Trump’s Clean Watershed: He orders the EPA to review Obama’s illegal waterways regulation.
Wall Street Journal Editorial, Updated Feb. 28, 2017 8:04 p.m. ET
Speaking of deregulation (see nearby), President Trump on Tuesday ordered the Environmental Protection Agency to reconsider an Obama Administration rule that seized control over tens of millions of acres of private land under the pretext of protecting the nation’s waterways. EPA chief Scott Pruitt will now follow due process to rescind one of his predecessor’s lawless rule-makings.
In 2015 the Obama EPA reinterpreted the Clean Water Act with a rule extending its extraterritorial claims to any creek, muddy farm field, ditch or prairie pothole located within a “significant nexus” of a navigable waterway. EPA defined significance broadly to include any land within the 100-year floodplain and 4,000 feet of land already under its jurisdiction, among other arbitrary delimitations.
Mr. Trump summed it up well, if not eloquently, when he said “it’s a horrible, horrible rule” and “massive power grab” that has “sort of a nice name, but everything else is bad.”

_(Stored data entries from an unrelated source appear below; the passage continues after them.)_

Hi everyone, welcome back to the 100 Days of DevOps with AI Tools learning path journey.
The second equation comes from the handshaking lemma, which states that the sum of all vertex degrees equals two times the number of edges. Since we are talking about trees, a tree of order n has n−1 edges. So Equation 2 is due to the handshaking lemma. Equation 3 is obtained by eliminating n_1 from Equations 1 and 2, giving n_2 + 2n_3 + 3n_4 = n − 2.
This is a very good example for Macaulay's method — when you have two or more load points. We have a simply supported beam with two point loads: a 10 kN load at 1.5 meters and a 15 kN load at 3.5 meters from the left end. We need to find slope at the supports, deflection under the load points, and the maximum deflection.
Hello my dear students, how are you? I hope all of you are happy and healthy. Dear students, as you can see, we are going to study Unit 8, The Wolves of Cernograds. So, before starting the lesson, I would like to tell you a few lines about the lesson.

The rule would force farmers, contractors and manufacturers to obtain federal permits to put their property to productive use. After recent flooding in California, millions of more acres could come under EPA’s jurisdiction. Green groups could use the rule to block pipelines, housing projects or any development they don’t like. Farmers might be prohibited from using fertilizers that could flow downstream.
The Clean Water Act applies only to navigable waterways, but the EPA seized on the opening created by Justice Anthony Kennedy in the unfortunate 2006 Supreme Court case Rapanos v. U.S. that split 4-1-4. His controlling opinion invented the “significant nexus” standard that is a classic in judicial ambiguity and which the EPA used to expand government control over private property development.

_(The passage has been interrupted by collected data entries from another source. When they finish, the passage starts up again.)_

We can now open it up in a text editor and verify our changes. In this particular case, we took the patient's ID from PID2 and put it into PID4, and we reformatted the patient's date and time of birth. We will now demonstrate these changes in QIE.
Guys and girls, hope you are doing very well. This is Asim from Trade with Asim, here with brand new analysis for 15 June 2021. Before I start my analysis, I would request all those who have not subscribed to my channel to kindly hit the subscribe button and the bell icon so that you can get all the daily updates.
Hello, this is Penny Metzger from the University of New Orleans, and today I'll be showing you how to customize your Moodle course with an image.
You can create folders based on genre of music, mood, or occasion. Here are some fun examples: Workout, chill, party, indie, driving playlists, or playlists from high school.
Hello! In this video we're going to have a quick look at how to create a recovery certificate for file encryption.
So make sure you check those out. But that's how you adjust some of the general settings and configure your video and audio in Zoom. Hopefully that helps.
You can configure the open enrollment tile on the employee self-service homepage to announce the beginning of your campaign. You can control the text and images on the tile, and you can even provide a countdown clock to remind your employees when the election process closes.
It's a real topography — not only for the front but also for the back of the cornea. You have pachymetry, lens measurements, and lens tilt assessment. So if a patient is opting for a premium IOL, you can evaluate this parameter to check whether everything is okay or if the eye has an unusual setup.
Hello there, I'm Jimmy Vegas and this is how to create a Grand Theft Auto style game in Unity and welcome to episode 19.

Thirty-one states sued the EPA, and the Sixth Circuit Court of Appeals enjoined the rule nationwide in 2015 after finding that appellants were likely to win on the merits and that the rule-making was “facially suspect.” EPA even acknowledged that the “science available today” doesn’t support the regulation. Mr. Pruitt will be doing a national public service if he advises the Justice Department to withdraw the rule as an abuse of administrative power.